About this exercise:
Below are the records; give again exactly the lines from the one containing "بالفيديو..نيللى كريم:لا مقارنة" through the one containing "Hotel Santa Fe Tlatlauquitepec エクステリア 写真", leaving out pictures.

▬▬▬▬▬▬▬▬▬▬

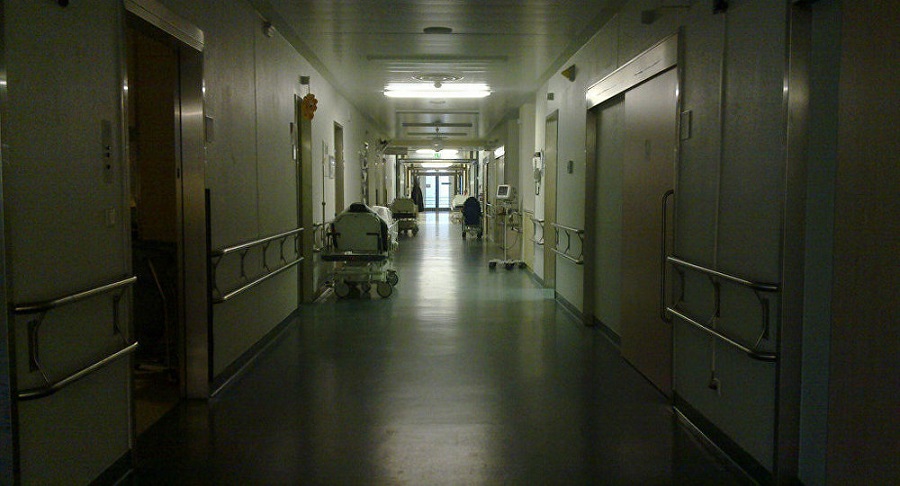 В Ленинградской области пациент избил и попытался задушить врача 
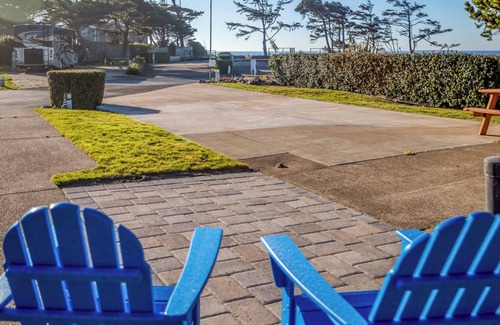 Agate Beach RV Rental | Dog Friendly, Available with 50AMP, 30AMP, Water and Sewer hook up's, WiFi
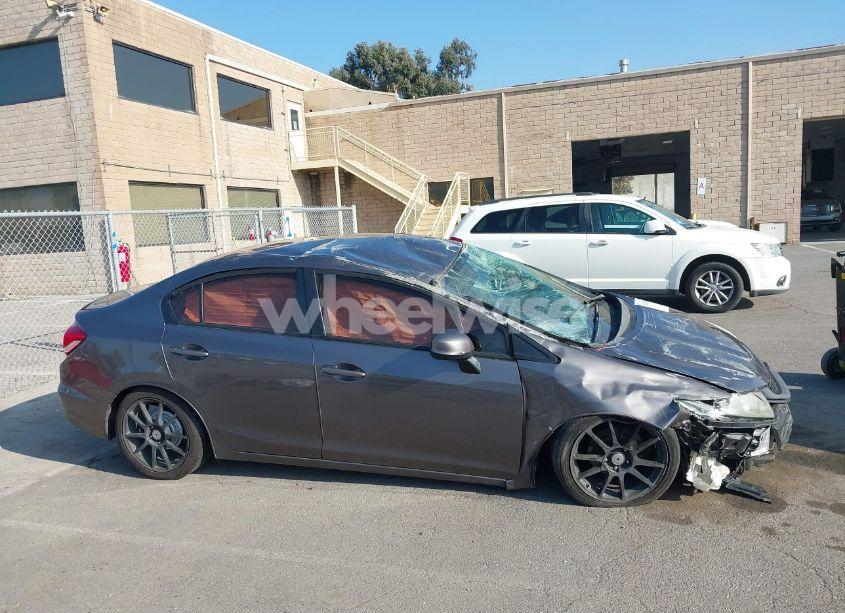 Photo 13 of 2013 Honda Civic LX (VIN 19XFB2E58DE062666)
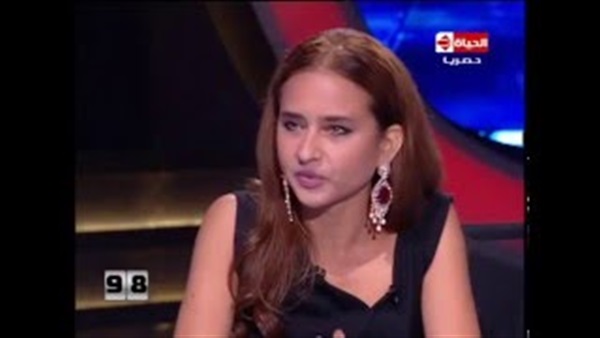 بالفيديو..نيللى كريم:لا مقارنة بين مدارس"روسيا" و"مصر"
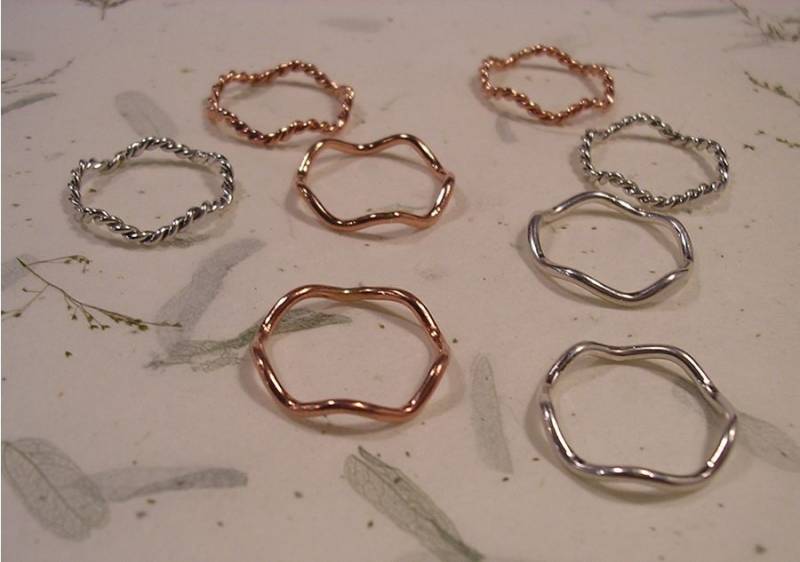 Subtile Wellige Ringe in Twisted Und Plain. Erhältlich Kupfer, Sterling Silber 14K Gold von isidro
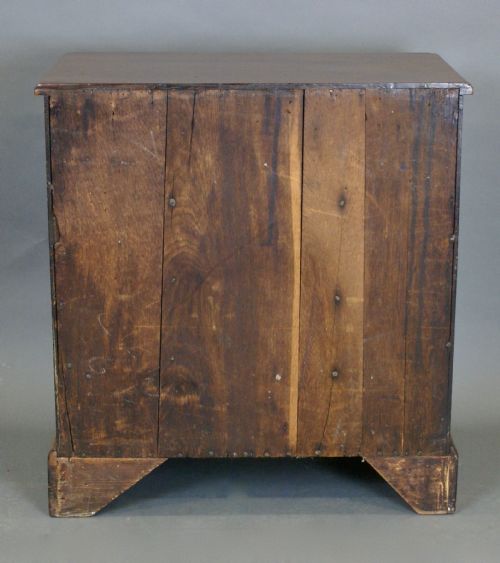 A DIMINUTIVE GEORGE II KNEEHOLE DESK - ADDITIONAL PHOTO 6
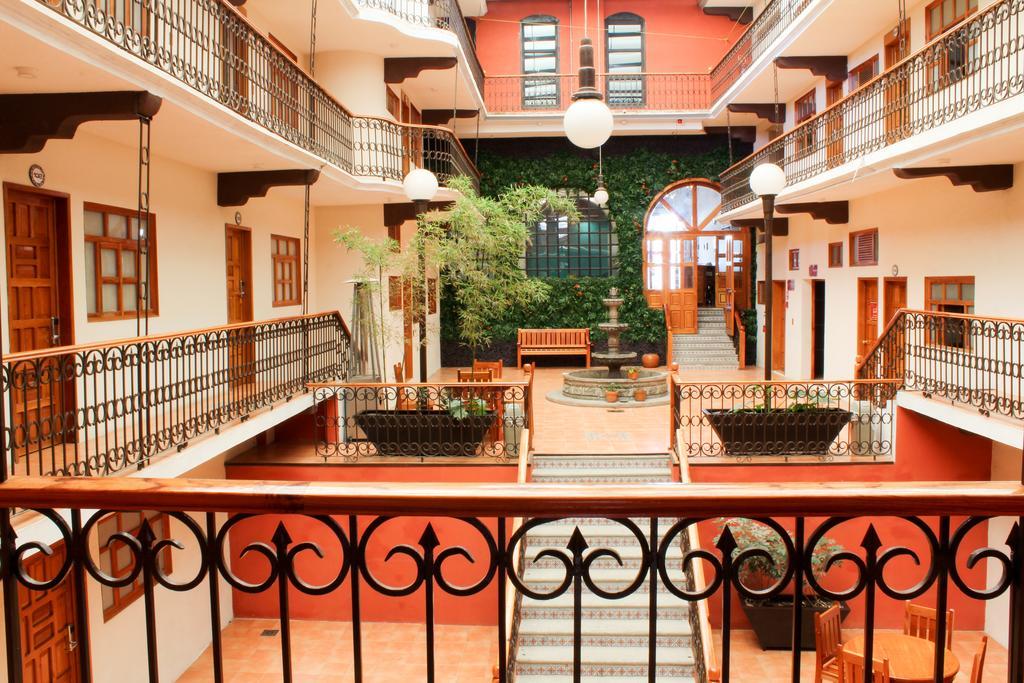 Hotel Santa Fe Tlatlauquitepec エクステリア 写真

▬▬▬▬▬▬▬▬▬▬

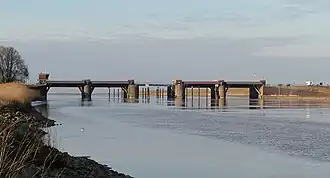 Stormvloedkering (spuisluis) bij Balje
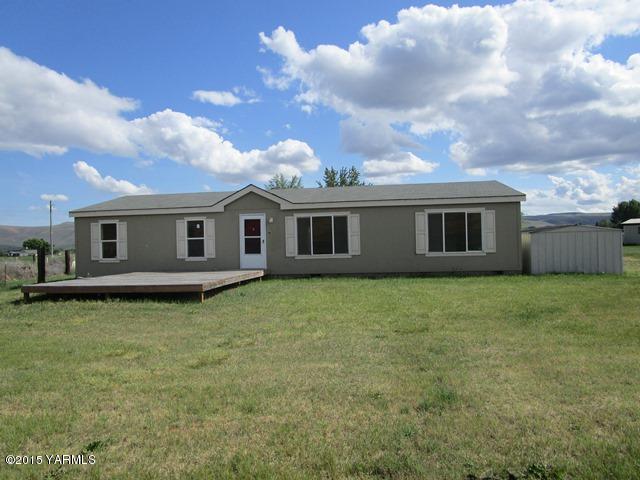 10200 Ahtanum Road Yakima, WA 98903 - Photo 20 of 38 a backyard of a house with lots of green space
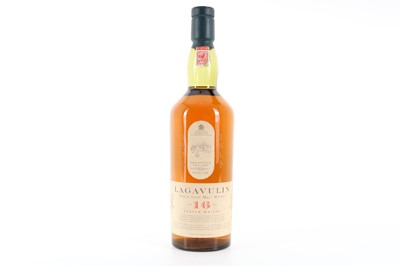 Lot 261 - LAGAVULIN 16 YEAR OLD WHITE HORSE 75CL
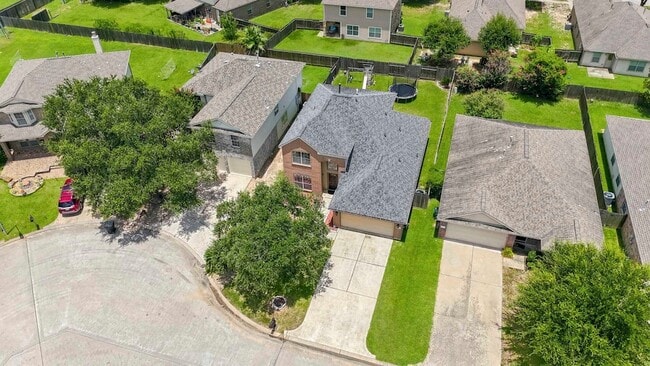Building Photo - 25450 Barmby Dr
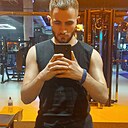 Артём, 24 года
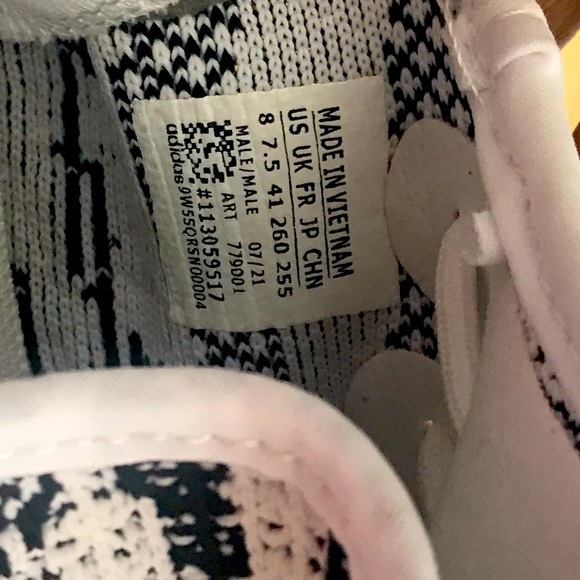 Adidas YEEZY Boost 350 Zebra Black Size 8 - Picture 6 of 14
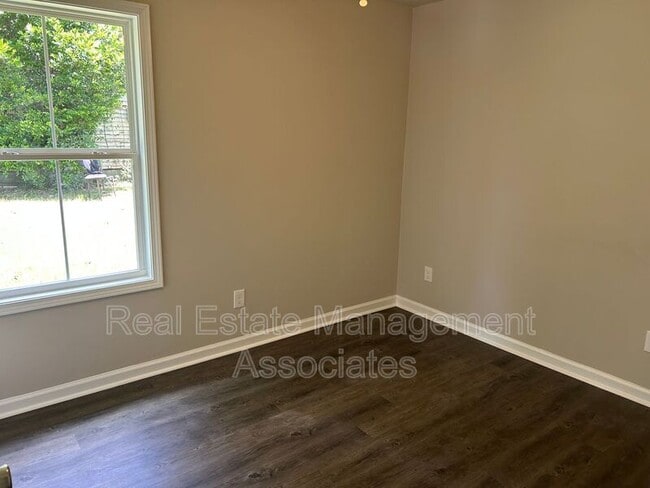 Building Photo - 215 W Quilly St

▬▬▬▬▬▬▬▬▬▬

Response to the exercise:
 بالفيديو..نيللى كريم:لا مقارنة بين مدارس"روسيا" و"مصر"
 Subtile Wellige Ringe in Twisted Und Plain. Erhältlich Kupfer, Sterling Silber 14K Gold von isidro
 A DIMINUTIVE GEORGE II KNEEHOLE DESK - ADDITIONAL PHOTO 6
 Hotel Santa Fe Tlatlauquitepec エクステリア 写真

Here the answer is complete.